The price tag for the long-delayed expansion of Slovakia’s Mochovce nuclear power plant (NPP) continues to balloon beyond government projections.
New Slovakian Economy Minister Peter Ziga recently told international media that increased safety measures would push the cost of building two reactors at the Mochovce NPP above the 4.6 billion euros (US$5.3 billion) approved by the government. That figure was already well beyond the expansion’s initial price tag of 2.4 billion euros (US$2.7 billion).
Ziga’s comments followed a meeting with executives from state-owned utility Slovenske Elektrarne, which operates Mochovce. The minister did not say how much the project was over budget.
The Slovak state owns 34% of Elektrarne Slovenske and must approve any budget changes at the utility. Italian energy giant Enel, which owns the rest of the company, said it was developing a new cost analysis for the Mochovce expansion, according to international media reports.
The cost overruns come amid tough times for Slovenske Elektrarne. In 2015, the utility reported its worst profit result in a decade owing to soft global electricity prices.
The Mochovce expansion has been delayed for years, largely because of European safety concerns about nuclear power after the Fukushima disaster, driving up the price tag and infuriating the Slovak government.

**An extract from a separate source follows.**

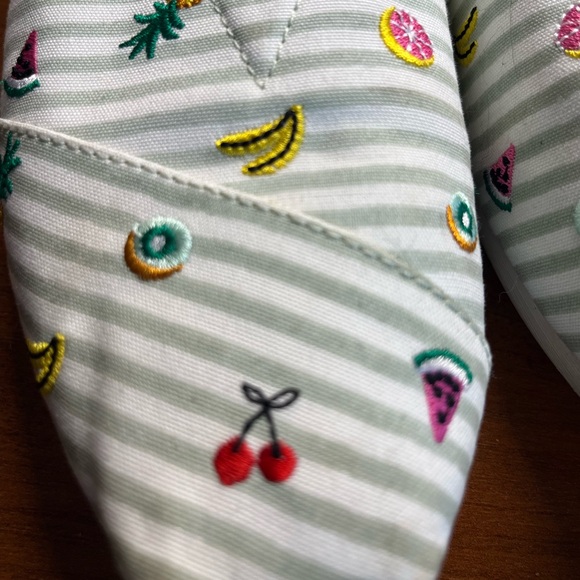 Summer Toms - Picture 3 of 4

In 2016, Slovak Prime Minister Robert Fico threatened to block Enel’s efforts to sell its 66% share in Slovenske Elektrarne if it did not complete the expansion.
Largely as a result, Enel decided to sell in two stages – a minority stake initially and the rest after Mochovce’s two units are built, currently projected for 2018.
In December, Enel reached a deal to sell its stake to Czech power firm EPH under these terms.
However, Bratislava has negotiated a deal whereby it can raise its share in Slovenske Elektrarne to 51% within six months of the completion of Mochovce expansion. If EPH ever decides to cash out of Slovenske Elektrarne, meanwhile, the Slovak government has priority to buy the stake.